## INPUT DATA
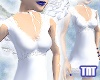 Angelique Frost - Top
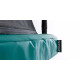 Батут Berg Grand Favorit Green 520x345 см с сеткой Comfort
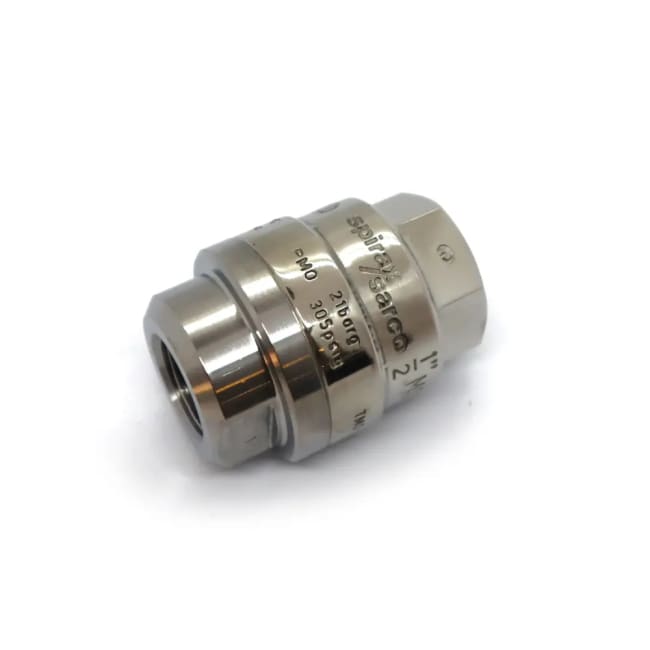LUFTUTLADER 1/2" WELLFLEX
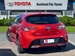 2018 Toyota Corolla Hybrid 36,091kms | Image 2 of 17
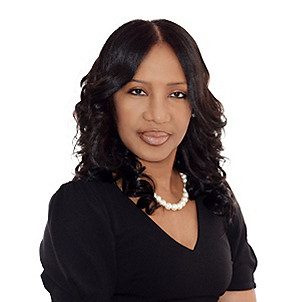 SANDRA VERONICA TRIOLO Your Registered Representative & Insurance Agent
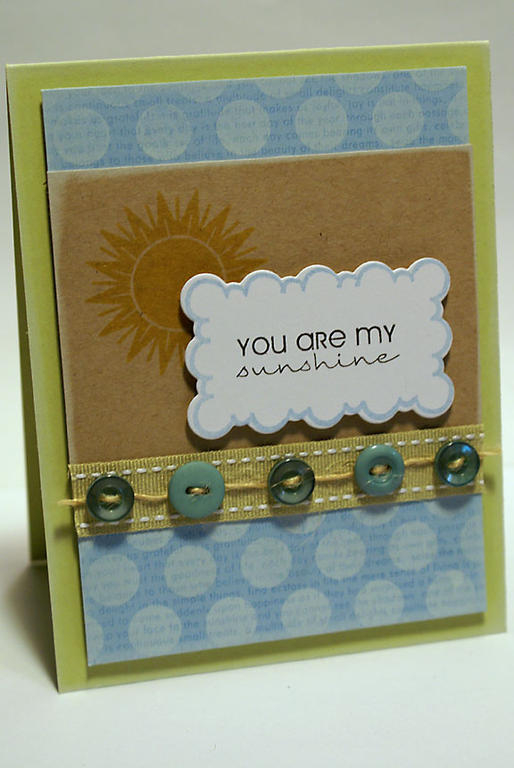 stamps: Fillable Frames #3, Scattered Showers Additions, Polka Dot Basics II, Background Basics:...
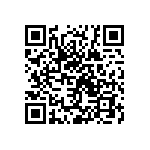 0805J2501P00DUT QRCode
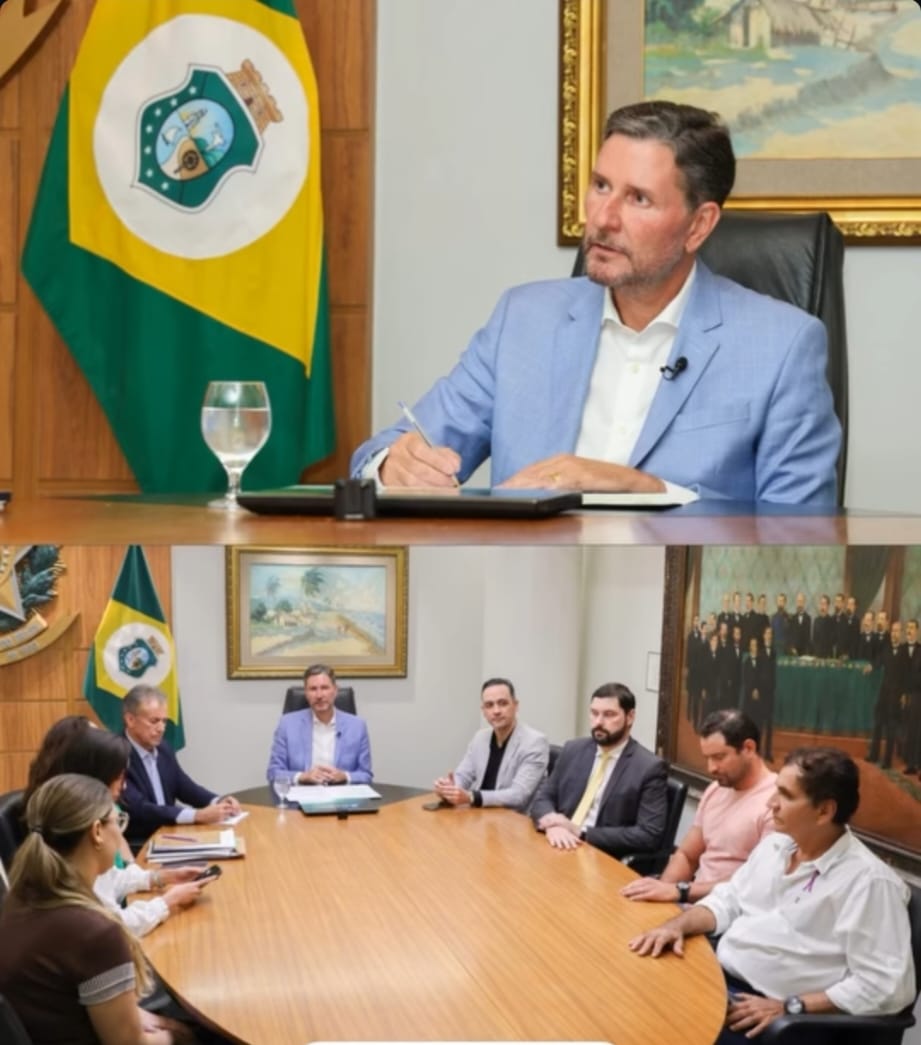 A aplicação das provas do concurso da Alece será regionalizada. Os exames poderão ser realizados pelos candidatos em Fortaleza, Sobral, Juazeiro do Norte, Iguatu, Quixadá, Crateús, Russas, Itapipoca, Camocim, Aracati, Tauá, Tianguá, Baturité e Canindé.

## HOW TO COMPLETE THIS TASK
Everything from the line that contains "Батут Berg Grand" through the final line of the material should be returned exactly, except the pictures.

## SOLUTION TO THE EXERCISE
 Батут Berg Grand Favorit Green 520x345 см с сеткой Comfort
LUFTUTLADER 1/2" WELLFLEX
 2018 Toyota Corolla Hybrid 36,091kms | Image 2 of 17
 SANDRA VERONICA TRIOLO Your Registered Representative & Insurance Agent
 stamps: Fillable Frames #3, Scattered Showers Additions, Polka Dot Basics II, Background Basics:...
 0805J2501P00DUT QRCode
 A aplicação das provas do concurso da Alece será regionalizada. Os exames poderão ser realizados pelos candidatos em Fortaleza, Sobral, Juazeiro do Norte, Iguatu, Quixadá, Crateús, Russas, Itapipoca, Camocim, Aracati, Tauá, Tianguá, Baturité e Canindé.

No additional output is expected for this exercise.